Johnny Dowd “Is Heaven Real? How Would I Know”

Brightspark Records, 2023

Johnny Dowd heads back to Memphis for impressive 19th studio record.

Artwork for "Is Heaven Real" by Johnny Dowd. Picture by Jon Langford‘Wrong Side Of Memphis’ was the title of Johnny Dowd’s first solo album released in 1995 after the demise of his band Neon Baptist.  The present sees Dowd returning to the city where he spent part of his formative years to record his latest, ‘Is Heaven Real? How Would I Know’ at Delta-Sonic Sound with co-producers Bruce Watson and Will Sexton.

Dowd brings regular bandmates Mike Edmondson (guitar) and sister Jif Dowd (drums) from Ithaca, NY while Watson and Sexton call upon their fellow Memphis musicians including Amy Lavere (bass, vocals), Rick Steff and Alex Greene (keyboards), Shawn Zorn and Will McCarley (percussion), Jim Spake (horns) and Krista Lynne Wroten (fiddle, vocals) to support and fill out the sound and add a distinctive Memphis feel to the album.

The album, Dowd’s nineteenth studio release, and the first to come out under the Brightspark imprint is released in vinyl (a first) and download form.  The LP cover is a suitably mediaeval picture from Jon Langford. Dowd is a regular visitor to Europe so any reader looking to pick up a copy from the merch table should keep an eye on Dowd’s tour page for dates.

The album’s opening track ‘Mule’ introduces itself with a piano/ fiddle riff which provide the spine to the song as it rolls into “mule kicking in my thoughts, I wanna murder my old lady” chorus. The fiddle leads the song through the outro. ‘Is Heaven Real’ has a soul/ gospel feel to it with the organ to the fore at the outset.  The lyric sees Dowd mixing his musing on the hereafter with nostalgia for his past “You call it Oklahoma, I call it the Promised Land.”  The low-key horns provide a soulful base to the later part of the song.

The third track, ‘Ice Pick’, revisits the nostalgia theme with Dowd and Lavere duetting on a tale of early teen romance whose memory is “like sticking an ice pick in my brain”. The break features a crackling guitar solo from Edmondson which sounds like it teleported from 1965. ‘Pillow’ starts off with a soft piano and clarinet and brushed drums.  In keeping with the overall feel of the album, Dowd finds himself pondering existence and its meaning in a light hearted manner. The clarinet solos in and out of the song against massed percussion before a piano reminiscent of 1950s TV takes us out.

The fifth track and side 1 closer ‘All Shook Up’ announces itself with a bluesy guitar, bass and drums beat.
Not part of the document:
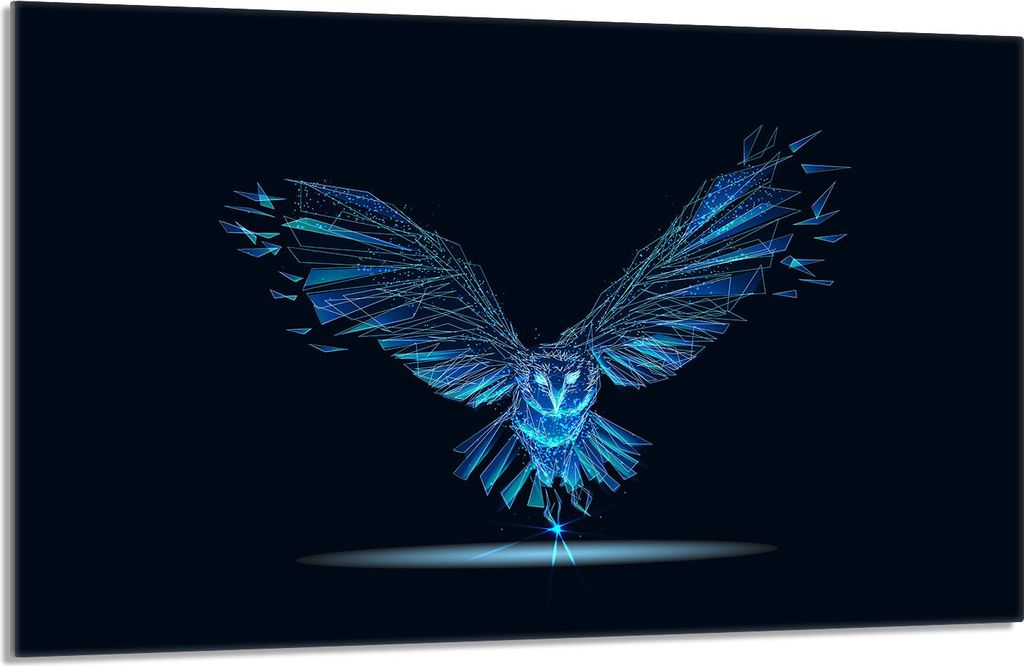 Glasherdschutzplatte 80x52 Bird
Dowd’s vocal takes us through family, misanthropy and the apocalypse while the chorus nods to Memphis: “I’m all shook up; goodness gracious great balls of fire.” A big horn riff kicks off side 2 and ‘Hope’ which has Dowd in a bar waiting for his date to show (she’s over 4 hours late).  Lavere’s bartender tells him (spoken word) his cause is hopeless. Dowd takes her advice, goes to his car but still can’t give up the titular hope as he heads back for “Another beer, another shot”.

As its title suggest ‘LSD’ is based on ‘memories’ of early tripping.  It’s pretty funny and the baritone sax adds some oomph.  The latter section introduces strings sounds from the mellotron which blend with the sax and clarinet in a sweet outro. ‘Fire and Dust’ is the second Dowd/ Lavere duet.  A classic country tale of adultery, discovery, parting and a mixture of regret / not regret. The two manage to capture the moral dilemma while also smouldering in the “I’d do it again / I’d do it all again” back and forth.

The album concludes with ‘Black And Shiny Crow’ which begins as a mildly comic honky tonk tune including a twangy guitar solo before Lavere’s bass leads off into a jazzy jam in which bass, piano and sax are prominent.  Dowd talks over the jam riffing on religious and family themes before returning to the “Why couldn’t I have been that crow instead of being me” chorus.  The track on the record is over 8 minutes long and fades to close but you get the feeling it went on for some time longer in real life.

The Memphis sound and Dowd’s drawled southern vocal sit at the heart of the album showcasing the variety of both. There aren’t many acts that can stand up a record of quality on their 19th time around; Dowd and team prove they can do just that.